Die Chef-Sommelière Stefanie Hehn aus dem Hamburger Fünf-Sterne-Hotel The Fontenay erklärt, wo Zusätze noch legal sind und warum wir uns vor Panscherei kaum fürchten müssen.
29.08.2020 - 11:20 Uhr 1 Kommentar
Im Bereich der Qualitätsweine kann man davon ausgehen, dass es keine unnatürlichen Zusätze gibt. Quelle: dpa
Im Weinkeller

Im Bereich der Qualitätsweine kann man davon ausgehen, dass es keine unnatürlichen Zusätze gibt.

(Foto: dpa)

Wein wird heute alles Mögliche zugesetzt: von Salzen bis zu Holzchips oder Sauerstoff-Schläuchen. Aber was ist noch sinnvoll und wann beginnt die Panscherei? Und in welchen Regionen ist vielleicht am ehesten mit Tricks zu rechnen?

Zunächst muss man sagen: Jeder Winzer, der sich um echte Qualität bemüht, versucht, seinen Weinen so wenig wie möglich hinzuzufügen, aber auch wegzunehmen. Beides ist ja technisch durchaus möglich. Sobald wir uns im Bereich der Qualitätsweine bewegen, können und müssen wir eigentlich davon ausgehen, dass wir es nicht mit unnatürlichen Zusätzen zu tun haben.
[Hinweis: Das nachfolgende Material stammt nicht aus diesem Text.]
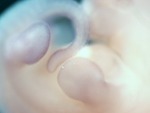 EMAGE:28702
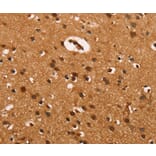 Immunohistochemistry - CABLES2 Antibody from Signalway Antibody (37450) - Antibodies.com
Der gute Winzer will seine Weine nicht aromatisieren, sondern er arbeitet daran, dass die Lage seiner Reben selbst für sich spricht. Insofern braucht es da auch keine Holzchips, um dem Wein eine geschmackliche Ahnung von einem Holzfass zu geben, das der Wein nie gesehen hat.
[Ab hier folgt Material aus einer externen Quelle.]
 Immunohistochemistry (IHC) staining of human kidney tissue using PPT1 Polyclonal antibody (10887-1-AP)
Übrigens gibt es auch für die Holzchips genaue Regeln – etwa was ihre Größe angeht. Und das mit dem Holz-Aroma ist auch gar nicht mehr so gefragt. Einziger Kult sind mittlerweile die allerdings sehr großen Fässer des niederösterreichischen Küfers Stockinger.

Manche Weine brauchen zwar tatsächlich Holz. Ansonsten heißt es eher: Back to the Basics. Die Weine reifen heute vielfach in Tanks oder auch Betoneiern. Ich habe hier im Hotel auch einen Winzer aus dem Priorat im Programm, der seine Weine mal in Holzfässern, mal in Beton lagert. Und wissen Sie was? Mir gefallen seine Weine aus dem Beton besser, weil sie purer sind.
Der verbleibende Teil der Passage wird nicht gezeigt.